Using pixel quality parameters for Sentinel 2
Finding datasets
    s2_l2a
Applying pixel quality/cloud mask
Returning 199 time steps as a dask array


## Merge data

**Median of water indices for flood dates minus medians for 2009 - 2019**

In [77]:
water_floods_median_minus_median = \
    s2_water_floods_median_minus_median.compute()

**Water for flood dates**

In [78]:
water_floods = s2_water_floods.compute()

## Mask out the ocean and lakes and obtain the flood hazard map as an xarray

In [79]:
s2_land_mask = s2_water_floods.NDWI.mean('time') < 0.05

In [80]:
from utils.deafrica_utils.deafrica_spatialtools import xr_rasterize

flood_hazard_enc = {0:'No Risk', 1:'Low Risk', 2:'Medium Risk', 3:'High Risk'}
flood_hazard_masks = \
{0: xr_rasterize(dakar_flood_hazard[dakar_flood_hazard['RISKCODE_H']==0], 
                 water_floods).astype(np.bool).where(s2_land_mask, False),
 1: xr_rasterize(dakar_flood_hazard[dakar_flood_hazard['RISKCODE_H']==1], 
                 water_floods).astype(np.bool).where(s2_land_mask, False),
 2: xr_rasterize(dakar_flood_hazard[dakar_flood_hazard['RISKCODE_H']==2], 
                 water_floods).astype(np.bool).where(s2_land_mask, False),
 3: xr_rasterize(dakar_flood_hazard[dakar_flood_hazard['RISKCODE_H']==3], 
                 water_floods).astype(np.bool).where(s2_land_mask, False)}

Rasterizing to match xarray.DataArray dimensions (2712, 3646)
Rasterizing to match xarray.DataArray dimensions (2712, 3646)
Rasterizing to match xarray.DataArray dimensions (2712, 3646)
Rasterizing to match xarray.DataArray dimensions (2712, 3646)


In [81]:
flood_hazard_map = None
for val, mask in flood_hazard_masks.items():
    if flood_hazard_map is None:
        flood_hazard_map = xr.full_like(mask, val)
    else:
        flood_hazard_map = flood_hazard_map.where(~mask, val)
flood_hazard_map = flood_hazard_map.where(s2_land_mask)

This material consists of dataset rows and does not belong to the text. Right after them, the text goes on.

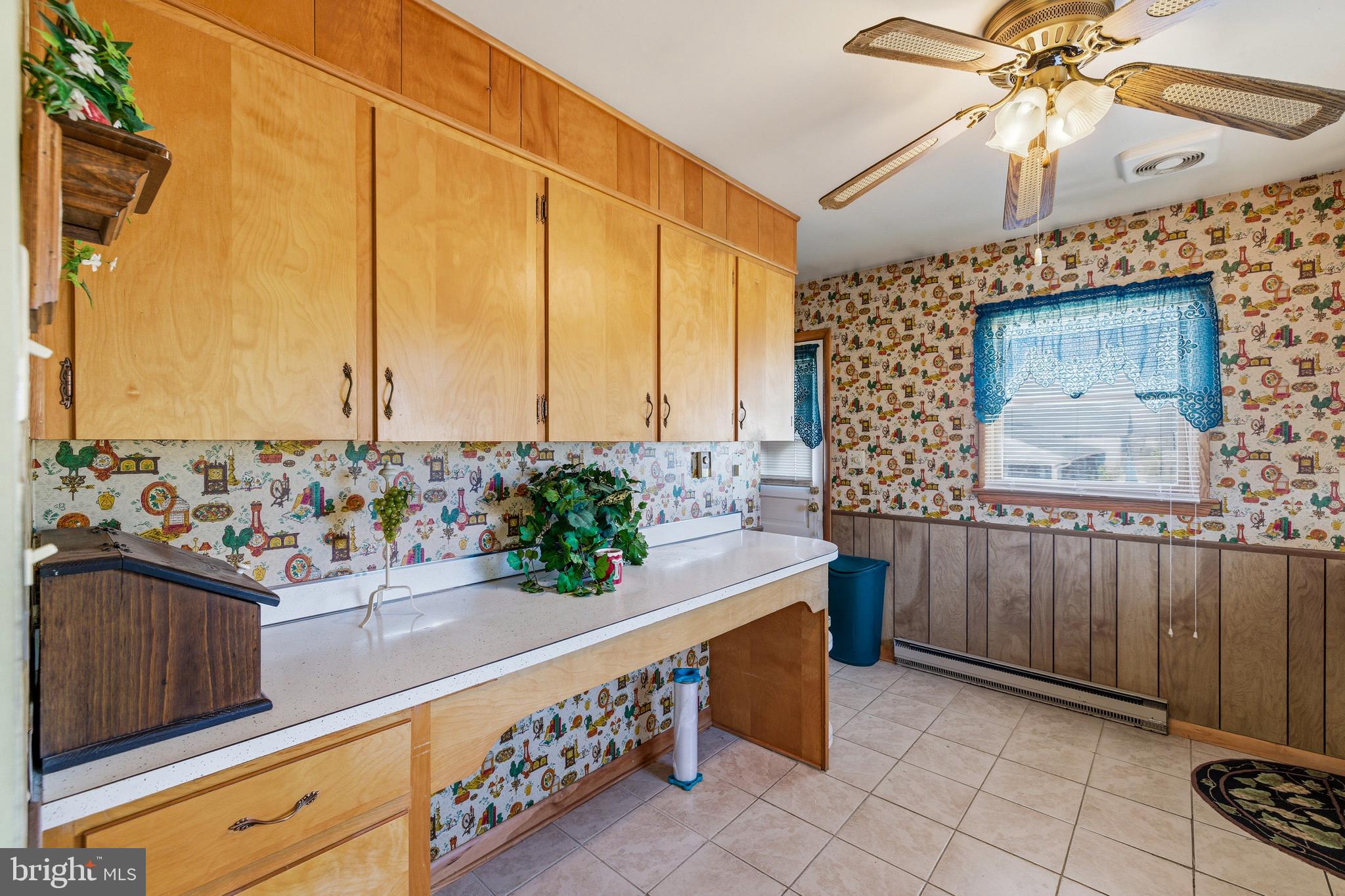 115 Sunset Drive Stanley, VA 22851 - Photo 5 of 56 a kitchen with stainless steel appliances kitchen island granite countertop a sink and cabinets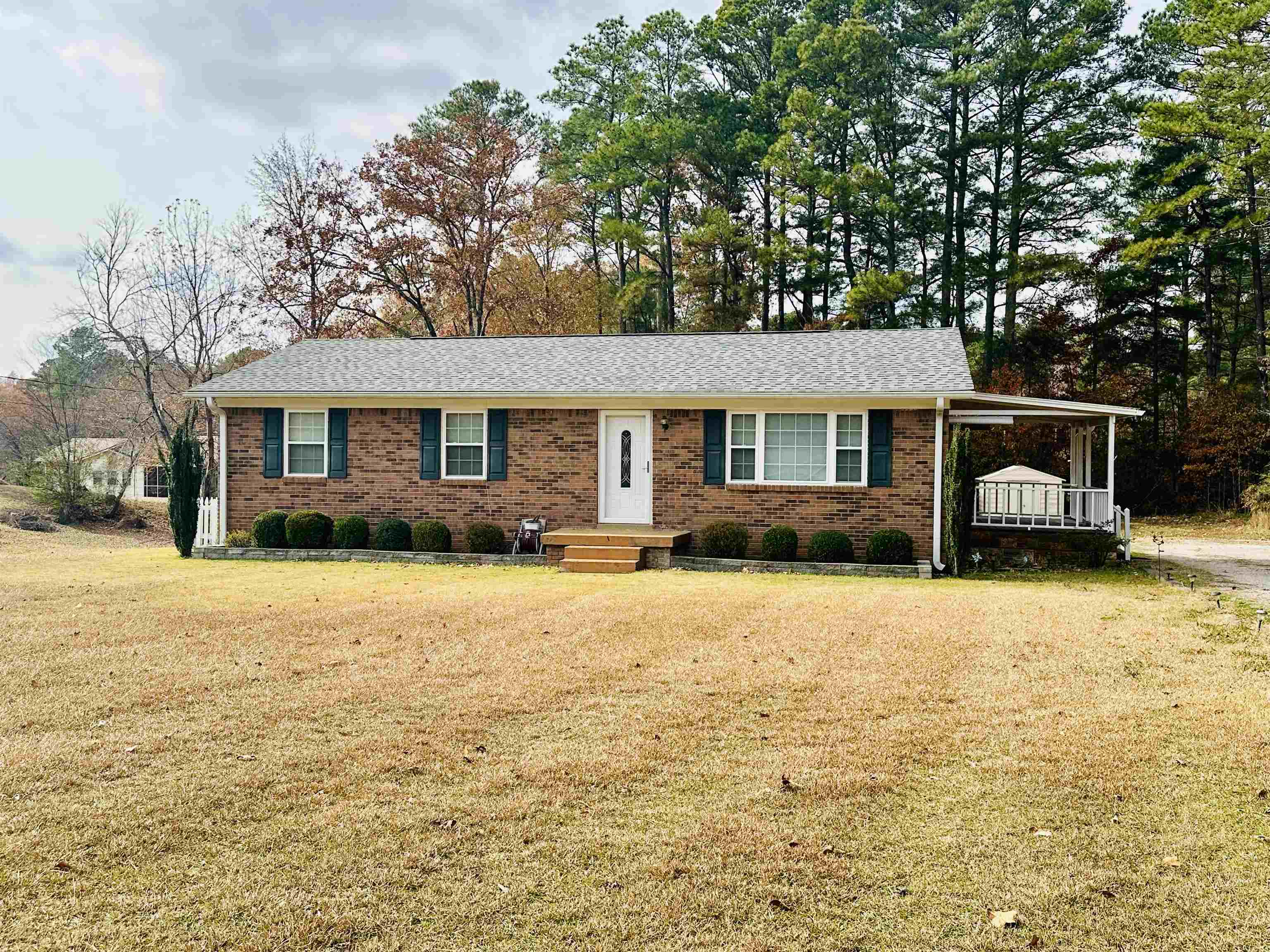 170 Mitchell Street Selmer, TN 38375 - Photo 9 of 26 Ranch-style home with a front lawn and brick siding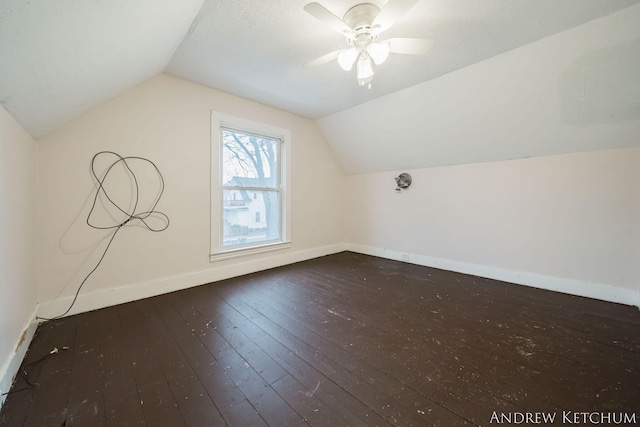 bonus room featuring baseboards, vaulted ceiling, hardwood / wood-style floors, and ceiling fan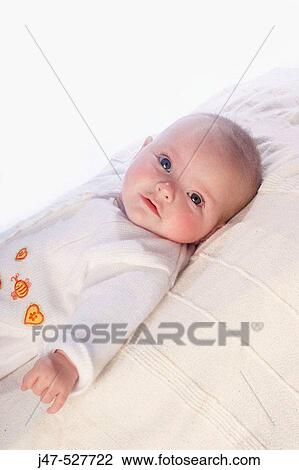6 month old baby lying on the floorr gazing off camera View Large Photo Image Stock Image - 6 month old baby lying on the floorr gazing off camera. Fotosearch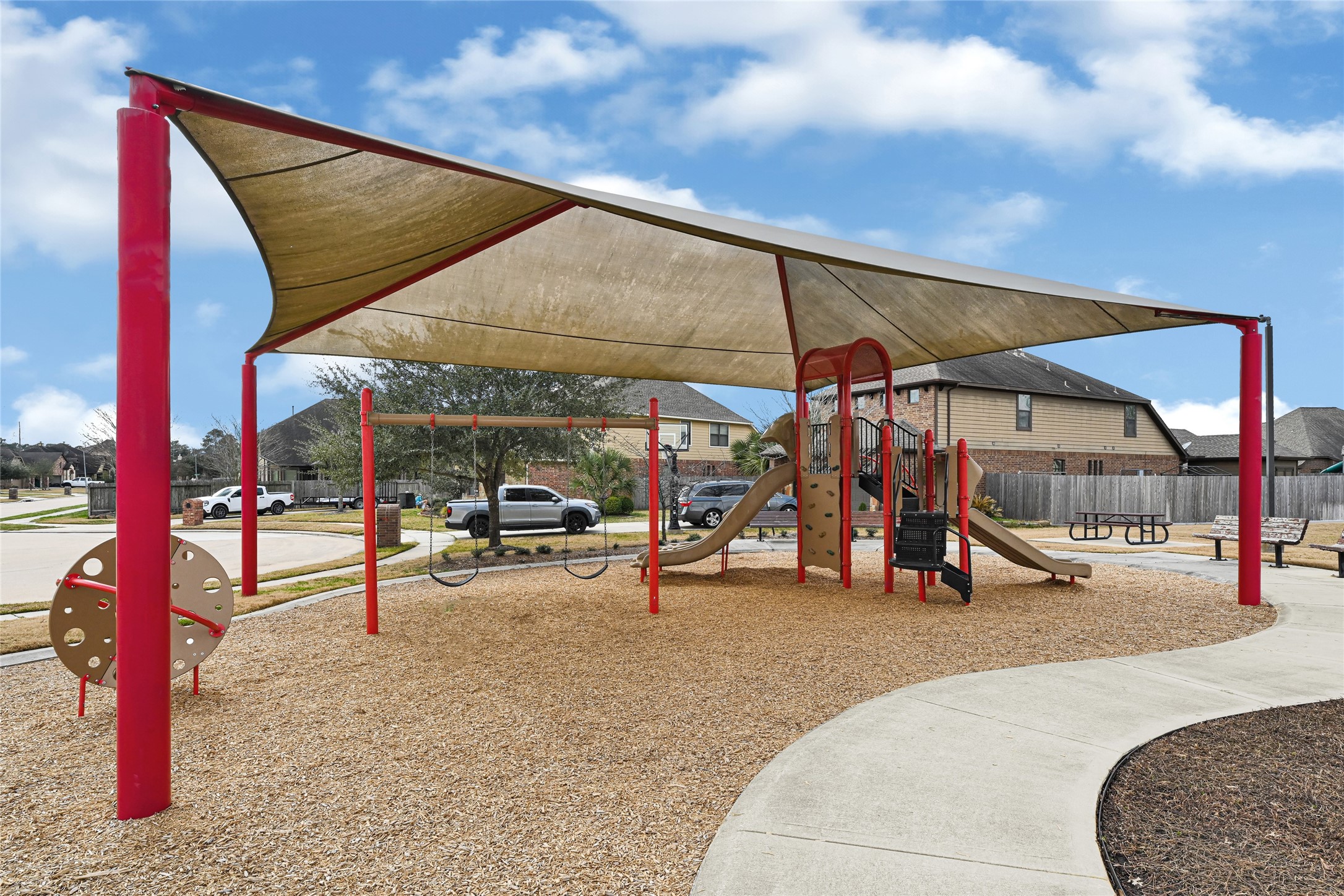 10319 Silver Shield Way Tomball, TX 77375 - Photo 44 of 46 a view of a park with swings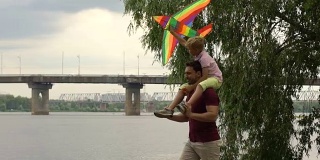 父亲和儿子在河边放风筝，快乐的时光在一起，父母的爱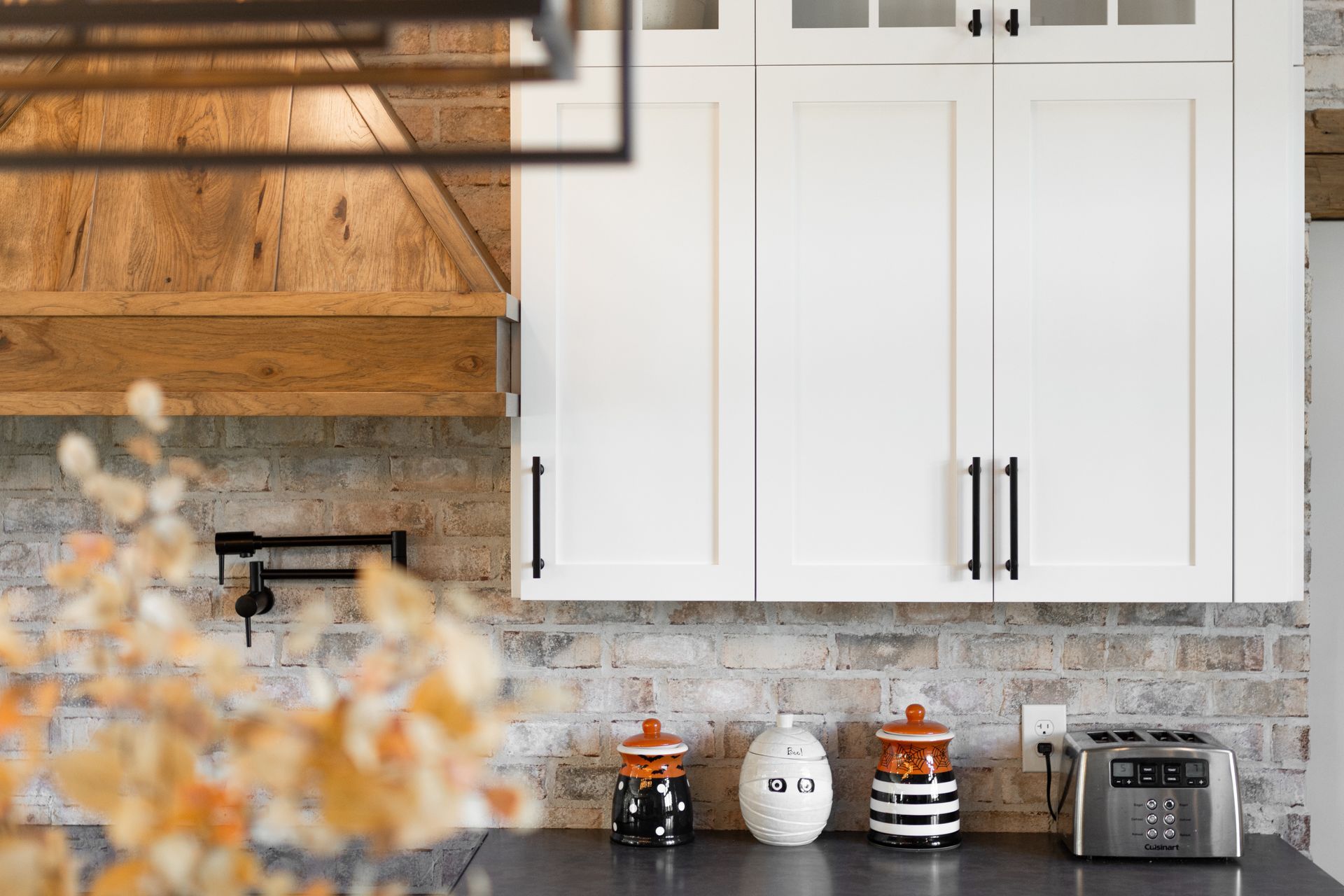 White kitchen cabinets with black handles, brick backsplash, and a wooden range hood.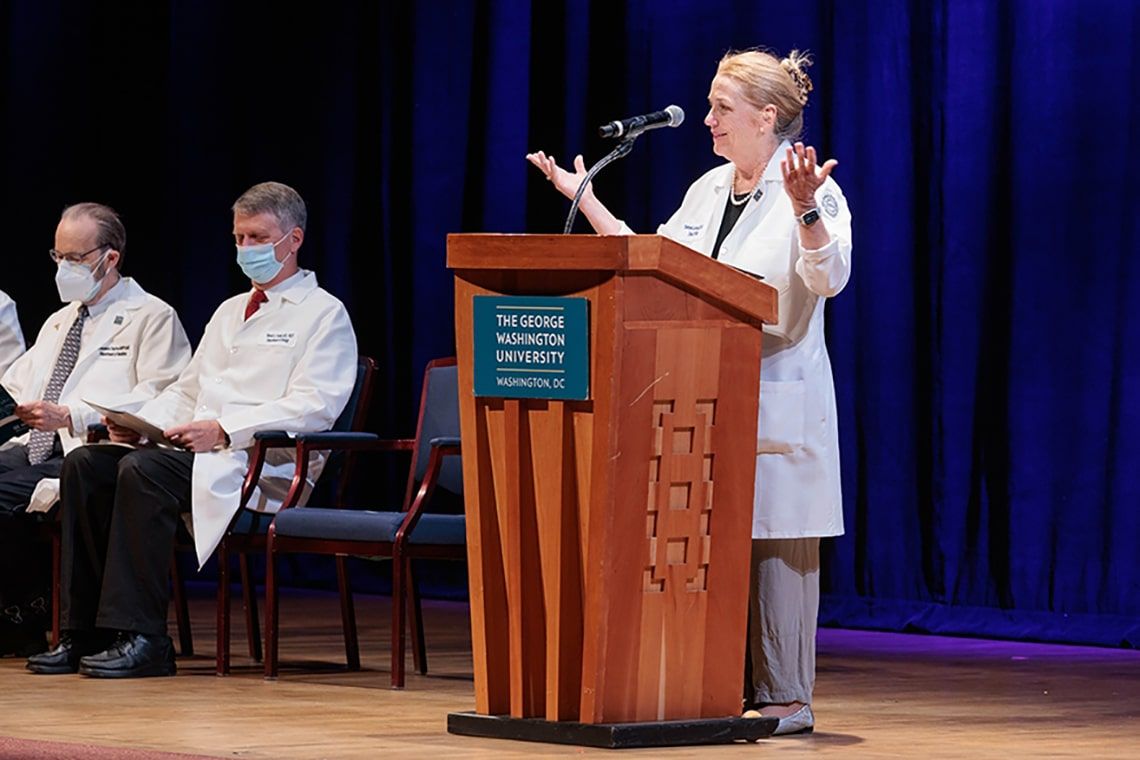 Dean Bass speaking from a podium at the class of 2024 White Coat ceremony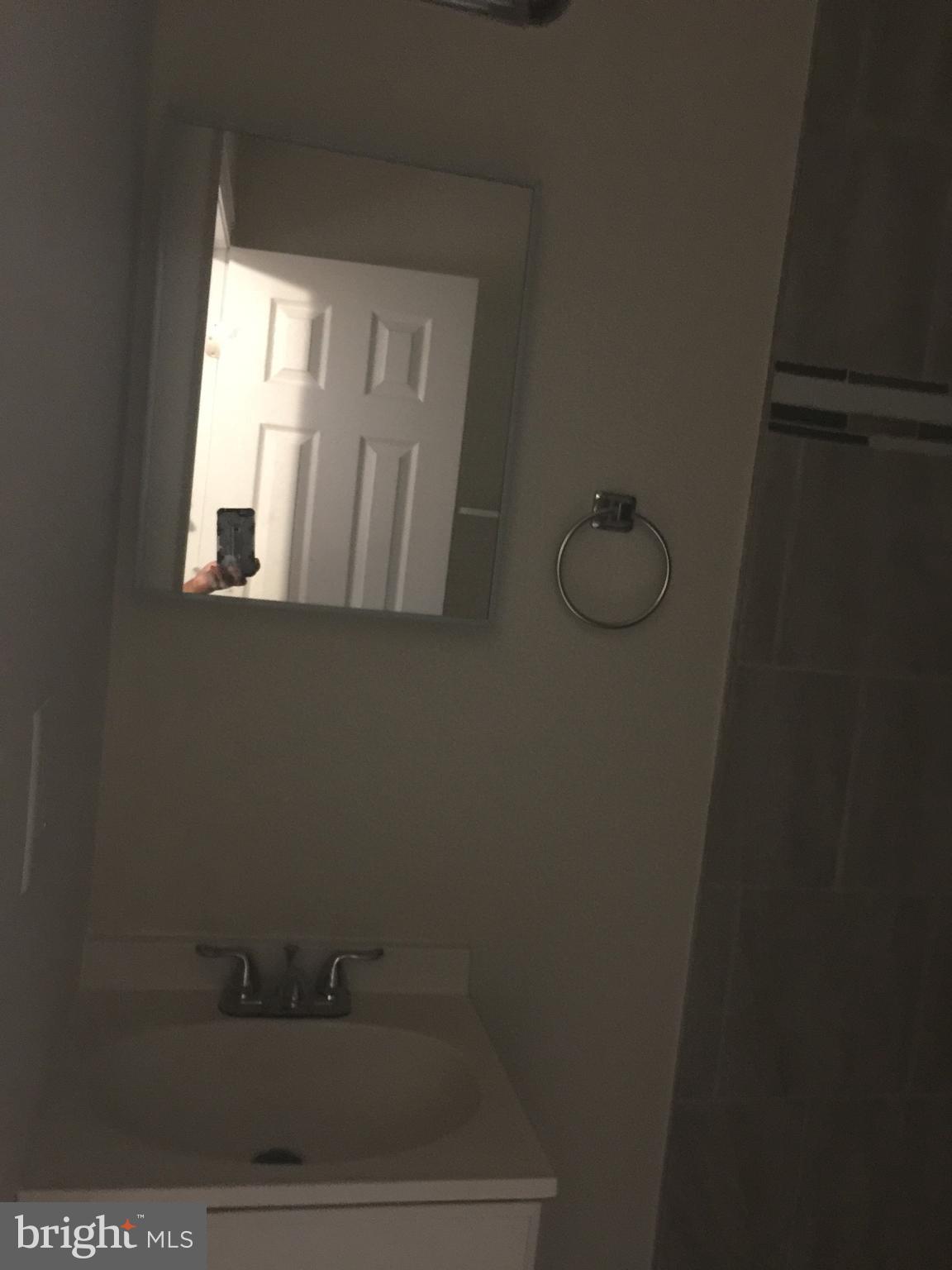 9101 Sudley Road Manassas, VA 20110 - Photo 5 of 16 a bathroom with a window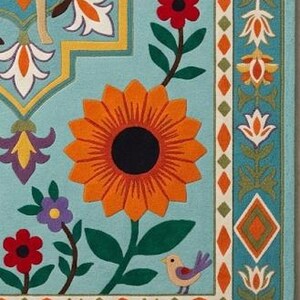 May include: A light blue area rug featuring a large central orange sunflower, smaller red and purple flowers, and green leaves. The design includes a stylized deer, a small bird, and a geometric border with orange diamonds and floral motifs.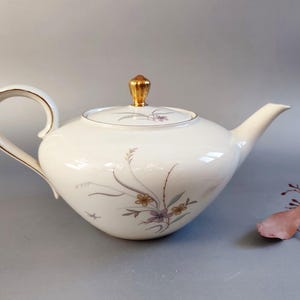 May include: White porcelain teapot with a gold-colored handle and lid finial. The teapot features a floral design in muted colors. The spout and handle are curved. A classic piece for serving tea.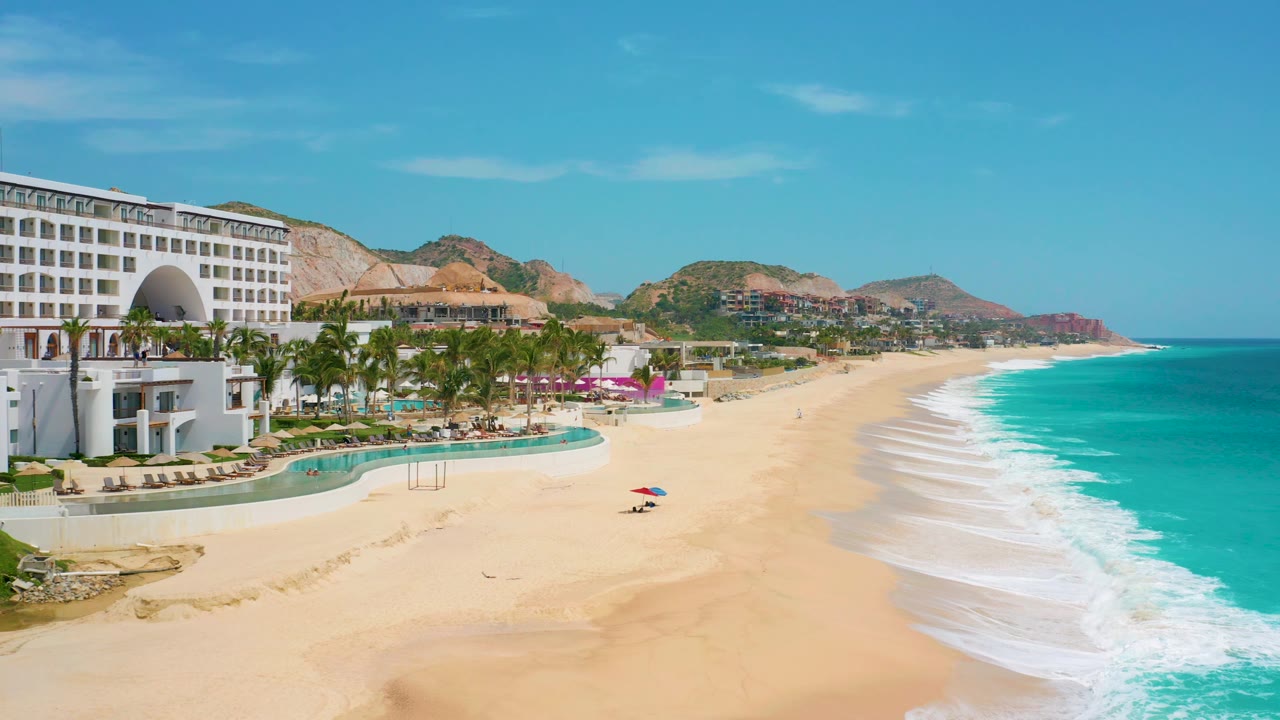 Aerial frame of the Los Cabos resort coastline with the building cropped along the left side, pools and palms in the foreground, a small red and blue beach umbrella on the sand, turquoise water to the right, hills behind, and tiny people visible.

## Show medians of flood dates water indices minus medians for 2009-2019

In [82]:
import matplotlib as mpl
mpl.rcParams['figure.dpi'] = 400

In [90]:
def create_flood_date_figs_agg(dataset, base_file_name, agg='mean'):
    assert agg in ['mean', 'median'], "The variable agg must be one of ['mean', 'median']"
    
    nrows = 2
    ncols = 1 + int(np.floor(len(dataset.data_vars)/nrows))
    
    fig, ax = plt.subplots(nrows, ncols, figsize=(7*ncols, 5*nrows))
    
    current_ax = ax[0,0]
    flood_hazard_map.plot.imshow(ax=current_ax)
    current_ax.set_title(f'Given Flood Hazard Map')
    for data_var_ind, data_var in enumerate(dataset.data_vars):
        vmin = 0
        vmax = dataset[data_var].quantile(0.95).values
        current_ax = ax[int((data_var_ind+1)/ncols), ((data_var_ind+1)%ncols)]
        dataset[data_var].where(s2_land_mask).plot.imshow(ax=current_ax, cmap='Blues', vmin=vmin, vmax=vmax)
        current_ax.set_title(f'{agg.capitalize()} of flood dates {data_var} - minus median')
    plt.tight_layout()
    if not os.path.exists('images'):
        os.mkdir('images')
    plt.savefig(f'images/{base_file_name}.png')
    plt.clf()
    return None

In [91]:
create_flood_date_figs_agg(water_floods_median_minus_median, 
                               f'haz_map_water_median_minus_median_fig', 
                               agg='median')

<Figure size 8400x4000 with 0 Axes>